The porch also shields the exposed face of the chimneys.
On the south facing elevation, a square bay window projects slightly from
the center of the bay and is protected by a narrow flat roof. The eaves of
this roof echo the main roof and dentil molding decorates the cornice. The
bay window is divided into four large lower lights with four smaller
decorative lights above. The upper lights have plain leaded glass depicting
a simple but elegant sunburst motif.
At the rear of the house, the window arrangement is more informal. A
small flat roofed enclosed porch projecting from the back kitchen bay and
extending across the center of the house gives access to the rear of the
house through a horizontally paneled door with a six pane light over. The
porch is well lit by eight tall ten pane casement windows arranged on its
north and east elevations. To the left of the door is a small rectangular
stained glass window in a downstairs half bathroom. To the right of the
porch a low door sheltered by a shed roof gives access to the basement. On
the second story, a French door with tall twelve paned side lights echoing
the arrangement of the door itself opens on the roof of the porch. To the
right of this is a small square closet window.
The stuccoed frame garage behind the house has a classically inspired
tripartite configuration, with a central auto garage flanked by matching
storage wings.
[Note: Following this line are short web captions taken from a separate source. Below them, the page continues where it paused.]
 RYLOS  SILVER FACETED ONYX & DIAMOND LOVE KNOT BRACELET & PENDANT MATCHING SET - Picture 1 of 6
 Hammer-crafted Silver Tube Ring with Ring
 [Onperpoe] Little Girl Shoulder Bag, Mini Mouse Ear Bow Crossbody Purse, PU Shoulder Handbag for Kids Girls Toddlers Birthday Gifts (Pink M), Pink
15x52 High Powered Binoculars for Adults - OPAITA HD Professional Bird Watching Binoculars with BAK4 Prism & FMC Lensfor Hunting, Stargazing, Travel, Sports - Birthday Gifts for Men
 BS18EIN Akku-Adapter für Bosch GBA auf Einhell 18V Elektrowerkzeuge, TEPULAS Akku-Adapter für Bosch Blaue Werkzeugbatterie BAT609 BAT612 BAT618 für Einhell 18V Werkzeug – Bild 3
The building has gable returns, six over six windows, and
horizontal-paneled wood doors. The two roll-up garage doors are modern
replacements.
It is difficult to determine what elements of the exterior of the house
survived from its earlier 1904 configuration. Verbal, written, and
photographic evidence suggests that many if not all of the windows were
re-used in the 1926 house (a partner for the magnificent front window would
have had to have been made to match for there was only one in the original
building). Doors, their trim, molding, and surrounds were also probably
installed intact.
In contrast, the interior of the house appears to have maintained more of
its 1904 elements including much of the finely crafted trim and woodwork.
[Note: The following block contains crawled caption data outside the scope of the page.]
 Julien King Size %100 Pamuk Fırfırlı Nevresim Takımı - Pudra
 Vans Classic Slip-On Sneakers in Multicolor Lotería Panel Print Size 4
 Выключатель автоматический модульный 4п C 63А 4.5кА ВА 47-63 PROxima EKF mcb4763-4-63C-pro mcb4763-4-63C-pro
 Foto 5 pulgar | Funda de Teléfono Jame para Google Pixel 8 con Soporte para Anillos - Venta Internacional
The first floor of the house is divided into two halves, with four open plan
formal rooms arranged around a central hall to the front of the house. To
the rear of the house are two informal rooms—a breakfast room and den—the
kitchen, a full and half bathroom, and the porch. The second story has seven
bedrooms and three full baths arranged around a central hall. Crown and
baseboard molding, door and window surrounds, hardwood floors, and fine
brass hardware is of consistently high quality throughout the house.
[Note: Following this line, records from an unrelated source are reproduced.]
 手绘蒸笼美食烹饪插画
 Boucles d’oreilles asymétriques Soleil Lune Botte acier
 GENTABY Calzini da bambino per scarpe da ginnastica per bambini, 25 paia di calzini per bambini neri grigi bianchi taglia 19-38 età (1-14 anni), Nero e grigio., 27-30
The central front entrance opens onto an impressive reception area
comprising two large formal rooms to the left and right and an open central
hallway. Four handsome fluted pilasters with Ionic capitals and scrolled
corbels embellished with leafy designs support heavy beams and define the
hall area. Two of these pilasters flank the entrance door and two flank a
transverse arch which visually separates this front section of the hall from
the enclosed hallway beyond. This arch echoes the arch of the front door and
is embellished with a key block; it is supported by two separate pilasters
shorter than those supporting the ceiling beam but with the same Ionic
capitals. The reception area to the left of the door features an impressive
and well preserved Queen Anne mantel of birdseye maple decorated with swags
and a central medallion. Curving pilasters and scrolled corbels support a
finely carved mantel shelf. The fire surround itself is black marble. This
and the other fireplaces and mantels in the house are reputedly from the
1904 house and all but this one have a surviving decorative metal cover for
the fire opening. (This mantel is featured in a photograph taken of the old
house.) Both reception rooms have matching chandeliers hanging close to the
ceiling. These were in the house as early as the 1930s.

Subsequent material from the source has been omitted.